Şarkımı dinlerken bir yandan da kitap okuyordum.
"Günaydın Afra" aslında gördüğüm kişi beni şaşırtmıştı çünkü Adem abi tam karşımda duruyordu.
"Günaydın Adem abi nereye gidiyorsun bu saate?" gerçekten enerjik biriydi aynı benim gibi simsiyah gözlere sahip hafif dalaglı saçları alnının üzerine düşünce çok tatlı gözüküyordu. Bazen işte benim abim diye gururlanasım geliyordu.
"Bir iş için görüşme yapmam lazım da"
"Hmm tamam" okulun önüne geldiğimizi fark ettiğimde "Görüşürüz Adem abi yolun açık olsun" dedim ve çıktım galiba o da arkamdan 'görüşürüz' demişti.

Aslında bugün sahrasız çok sıkıcı geçmişti Esma'yla sohbet etmek de çok eğlenceliyidi ama Sahranın yeri gerçketen başkaydı onu küçüklüğümden beri tanıyorum ve benim için çok değerliydi.

Bugün Meral hocaya yardım ettiğim için geç çıkmıştım saat 10:00 du ve gerçekten hava karanlıktı otobüse bindim ve 30 dakika sonra durağa  geldim otobüsten indim evime doğru  yürümeye başladım saat geç olduğu için açıkçası biraz korkmuştum.

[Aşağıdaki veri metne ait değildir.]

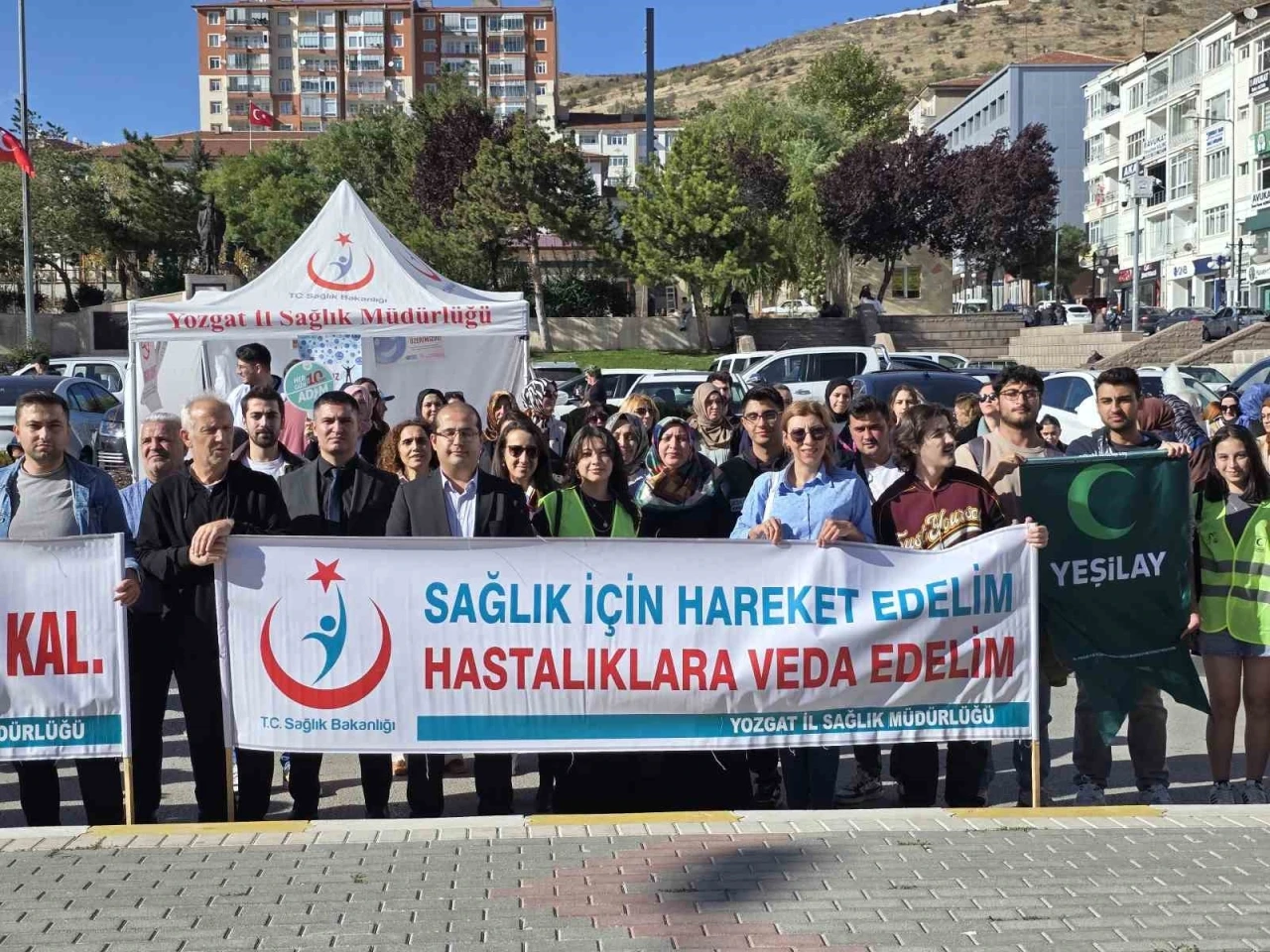 Sağlık için 10 bin adım attılar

Yine o adam oradaydı ve yanında birkaç tane adam daha vardı beni gördüğü anda sırıtmaya başlamıştı bende adımlarımı daha da hızlandırdım ama bu sefer beni takip etmeye başlamışlardı bende yürümeyi bırakıp koşmaya başladım onlarda arkamdan koşmaya başladılar bi adam kolumu yakaladı  beni sertçe yere doğru fırlattı sırtımın acısıyla gözlerim doldu şimdi hepsi baştan aşağı beni süzüyordu . Dün gördüğüm adam bana doğru yaklaşmaya başladı tam arkamda duvar olduğu için bir yere de kaçamıyordum adam yaklaştıkça nefesim daralıyordu sanki. Aramızda çok az bir mesafe kalmıştı ki biri bana  yaklaşan adamı devirdi. Onu görünce herkes kaçtı benimde çoktan kaçmış olmam gerekirdi ama sanırım şokta olduğum için olduğum yerde kaldım. İlk baktığımda fark etmemiştim ama sonra otobüste bana dikkatle bakan o adam olduğunu anladım.
"Sende mi sapıksın?" diye sordum
güldü "Sapık olsam seni kurtarmaz, dayakta yemezdim"aslında haklıydı "Teşekkür ederim" dedim  cevap vermedi ama 5 dakika sonra
" Burda oturmaya devam mı edeceksin hadi yürü" dedi
"Nereye?"
"Eve"
"Sen benim evimi nerden biliyorsun?" diye sordum yüzüme sen ciddi misin? der gibi baktı
"Bilmiyorum zaten"
Sanırım sadece sırtımı değil beynimde de darbe almıştı. Yine de bozuntuya vermedim.
"Ben tek de gidebilirim"  dedim
Tek kaşını kaldırdı"Gelmezler mi zannediyorsun?" dedi 
"Gelirler mi?" diye sordum
"Sence?"
Yürümeye başladım o da arkamdan gelmeye başladı.
Yolda yürürken adama hiç teşekkür etmediğim aklıma gelince  arkamı döndüm. Bir anda şaşırsada bir şey söylemedi bende lafa girdim
"Ben gerçeketen çok teşekkür ederim eğer siz olmasaydınız ben..."  boğazım düğümlendi çünkü sonrası çok kötü olabilirdi bir anda ağlamaya başladım bir yabancının yanında ağlamak istemiyordum . Ama ağlamayı bir güçsüzlük olarak da görmüyordum.